Work task: In the records below, repeat exactly the lines between the line holding "Only Best Crew Neck Sweater Women" and the line holding "Kask Fullface MET", inclusive, and drop the pictures.

Input:
┌────────
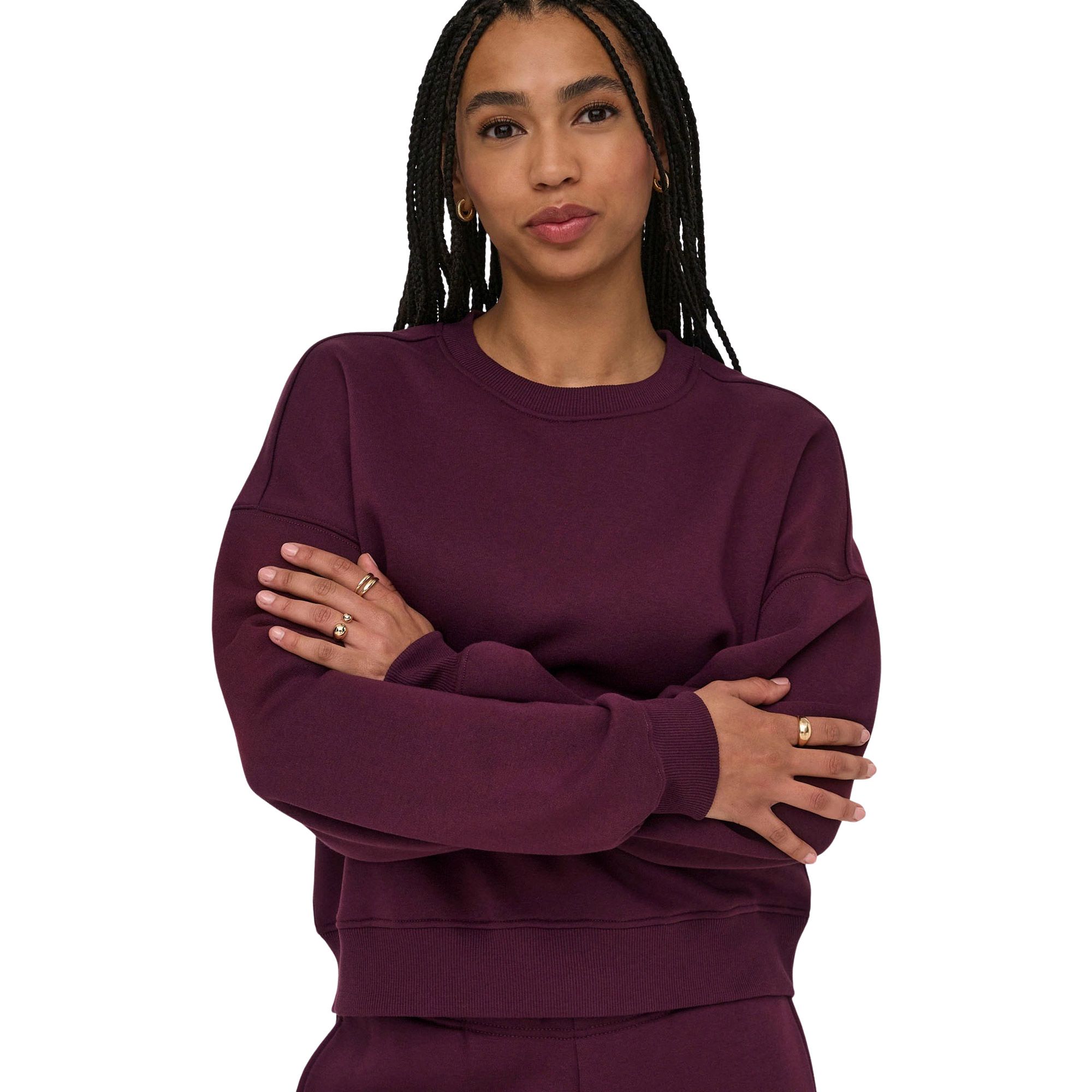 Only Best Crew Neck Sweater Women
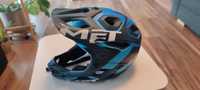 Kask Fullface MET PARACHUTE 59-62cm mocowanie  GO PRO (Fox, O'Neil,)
└────────
┌────────
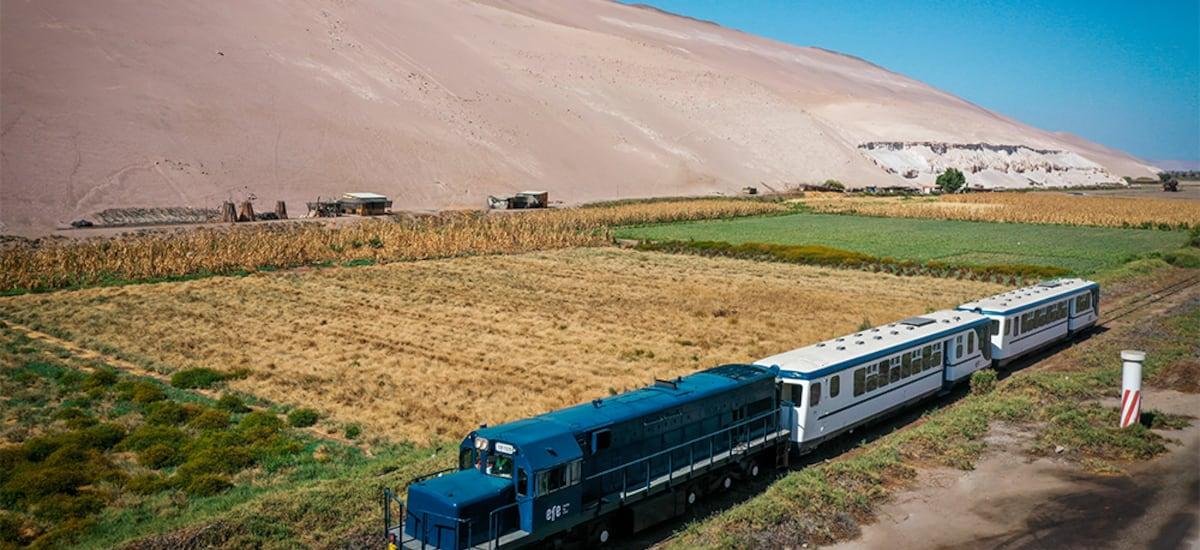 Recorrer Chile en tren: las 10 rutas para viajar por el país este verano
└────────
┌────────
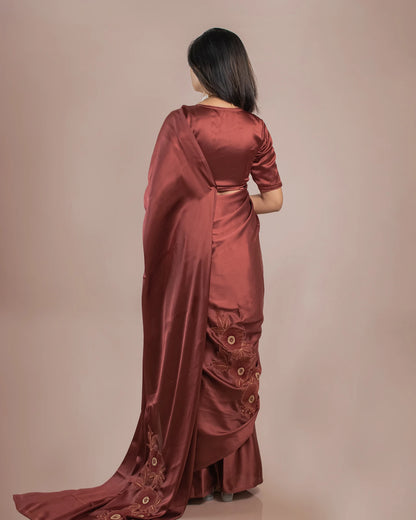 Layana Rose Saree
└────────
Solution for this task:
 Only Best Crew Neck Sweater Women
 Kask Fullface MET PARACHUTE 59-62cm mocowanie  GO PRO (Fox, O'Neil,)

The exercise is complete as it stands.